Started off the day with this one










Rich


----------



## jaslfc5 (Jan 2, 2007)

wearing this to my sons cadets presentation ,he gets his stripes today very excited.


----------



## PhilM (Nov 5, 2004)

Has to be a diver with this weather


----------



## DaveE (Feb 24, 2003)

JoT said:


> It will be the MkIII later on today


Fantastic John







Is that an Omega pilot line case also?


----------



## DaveE (Feb 24, 2003)

Toshi said:


> Started off the day with this one
> 
> 
> 
> ...


Very nice


----------



## DaveE (Feb 24, 2003)

Alas said:


> This again on a Nato. People give it some funny looks though.
> 
> 
> 
> ...


I like that one Alsadair, it shows potential







Does it need a new crystal?


----------



## JoT (Aug 12, 2003)

jaslfc5 said:


> wearing this to my sons cadets presentation ,he gets his stripes today very excited.


Well done to your son!


----------



## DaveE (Feb 24, 2003)

Been wearing the Scubapro 500 for 2 weeks now:


----------



## JoT (Aug 12, 2003)

DaveE said:


> JoT said:
> 
> 
> > It will be the MkIII later on today
> ...


Thank's Dave .... it is a "pilot line" case although personally I think it would be a liability in a cockpit! .. It's quite a lump, here's another picture


----------



## Russ Cook (Feb 12, 2006)

Poljot Ultra Thin 14kt Gold,which i am now glad didnt sell.

H.A.G.W

Russ.


----------



## Leebman (Mar 13, 2008)

I might go for this today


----------



## Alas (Jun 18, 2006)

DaveE said:


> Alas said:
> 
> 
> > This again on a Nato. People give it some funny looks though.
> ...


I thought a dust with a cloth might be enough







Yep I'm going to see if I can find someone to do some work on it as I really like it. Dial moves slightly in the case and crystal needs replacing. Goes well though and keeps good time.

Alasdair


----------



## DaveE (Feb 24, 2003)

Alas said:


> DaveE said:
> 
> 
> > Alas said:
> ...


Cool.
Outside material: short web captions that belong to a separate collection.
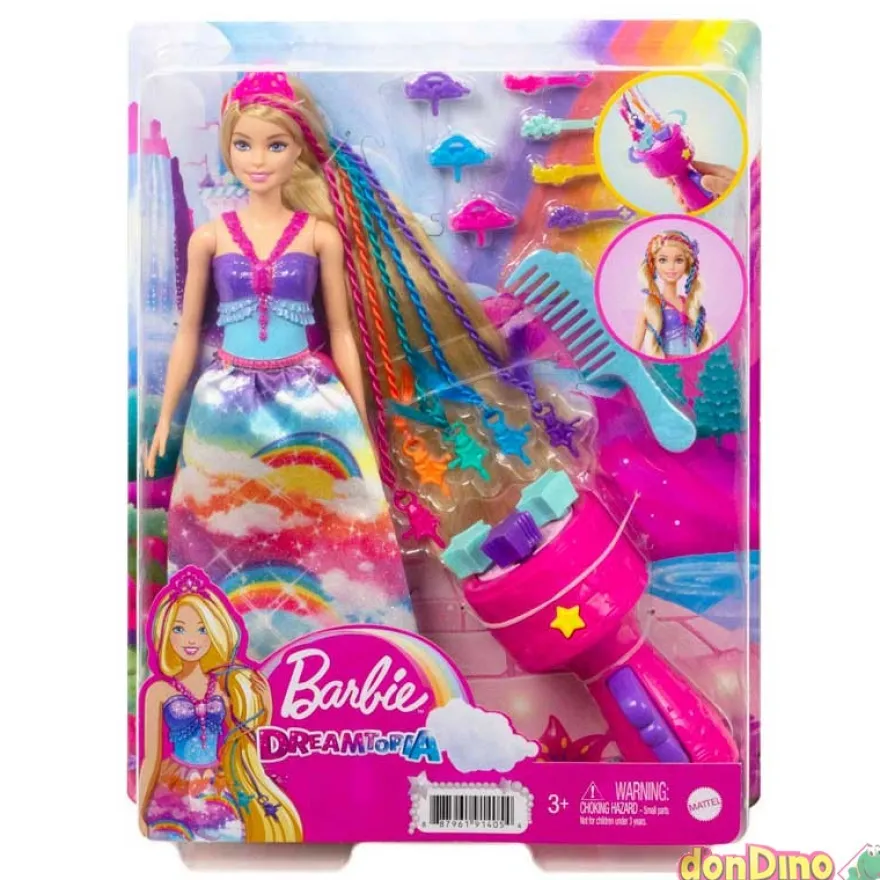 Barbie dreamtopia princesa trenzas trenzas de colores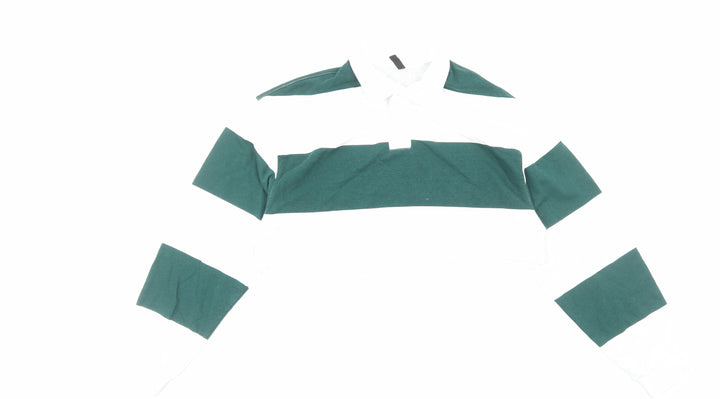 H&M Womens Green Striped Cotton Cropped Polo Size M Collared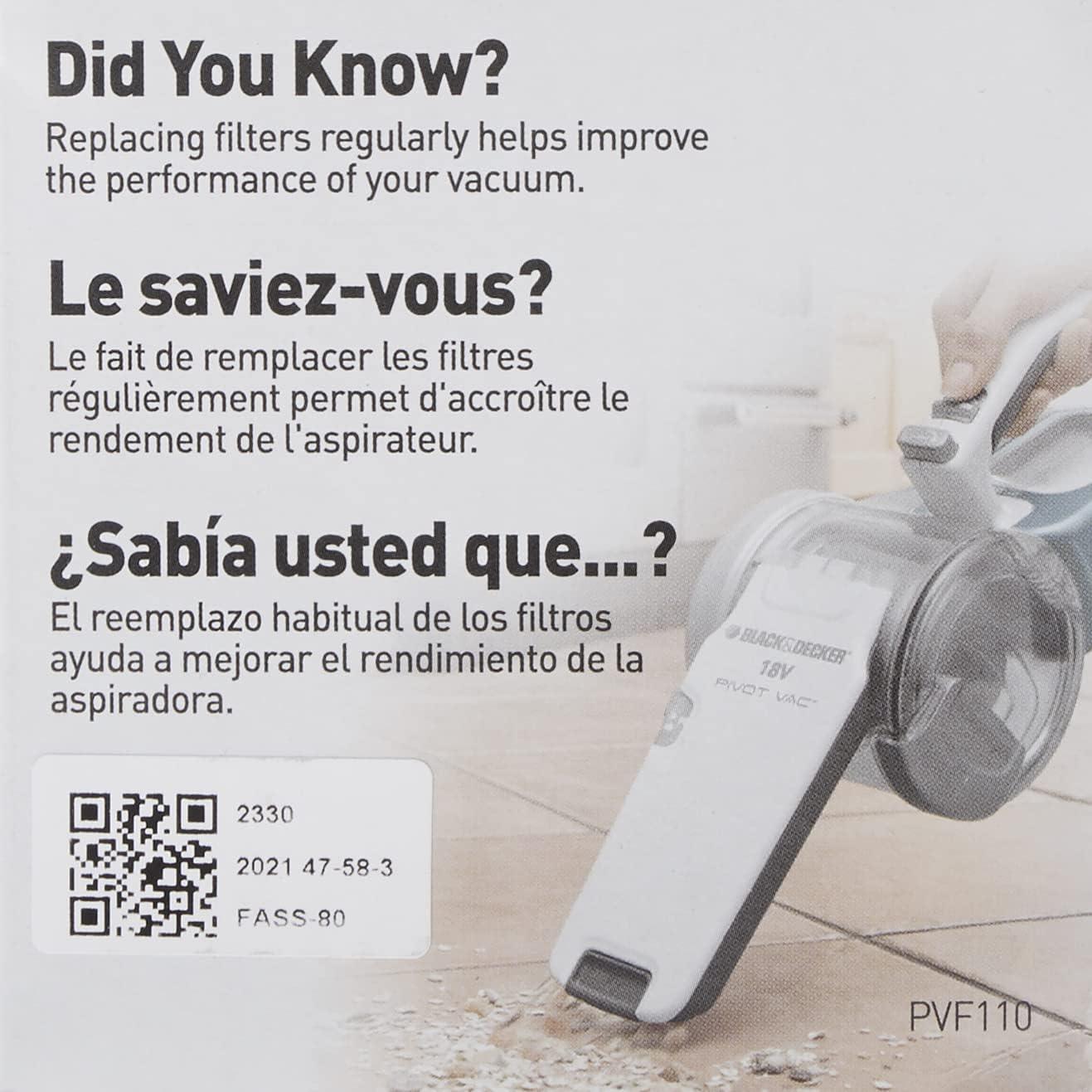 BLACK+DECKER Replacement Filter for PHV1810/PHV1210 Pivot Vacuum, PVF110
I think I've got a couple of divers with an almost identical dial. One is a monoblock Harlem diver which shares the same case as the Yema Wristmaster and I think I've got an Aquadive with that dial


----------



## DaveE (Feb 24, 2003)

DaveE said:


> Alas said:
> 
> 
> > DaveE said:
> ...


Here's some pictures of the Harlem:



















And here's some pics of the Aquadives:


----------



## DaveE (Feb 24, 2003)

The same sort of dial can be found with other Aquadive cases styles and colours (I've even seen red!)


----------



## DaveE (Feb 24, 2003)

JoT said:


> DaveE said:
> 
> 
> > JoT said:
> ...


Wow, that's a serious profile!







, but tremendous all the same







How thick is it?


----------



## jasonm (Nov 22, 2003)

Toshi said:


> Started off the day with this one
> 
> 
> 
> ...


Great photo









Reminds me of this one I did 3 years ago







:tongue2:

Ill have to wear the 6309 now....


----------



## JoT (Aug 12, 2003)

DaveE said:


> Wow, that's a serious profile!
> 
> 
> 
> ...


Dave its about 16mm in the centre


----------



## Russ (Feb 7, 2006)




----------



## Toshi (Aug 31, 2007)

jasonm said:


> Toshi said:
> 
> 
> > Started off the day with this one
> ...


So I'm 3 years behind the times, am I Jason?
















Swapping over to the Kontiki Super now as my 710 has suggested she takes me for a scrummy pub lunch (and of course, out of politeness I've agreed). This has just come back from Streve Burrage after service, and has had a new crystal fitted and the bezel stripped and cleaned. Thanks Steve


















Rich


----------



## jaslfc5 (Jan 2, 2007)

JoT said:


> jaslfc5 said:
> 
> 
> > wearing this to my sons cadets presentation ,he gets his stripes today very excited.
> ...


yeah im proud hes chuffed ,he should be getting best shot too hes a good sniper - only thing is it takes forever these prize days.

cheers mate ill pass it on.

jason.


----------



## jasonm (Nov 22, 2003)

> So I'm 3 years behind the times, am I Jason?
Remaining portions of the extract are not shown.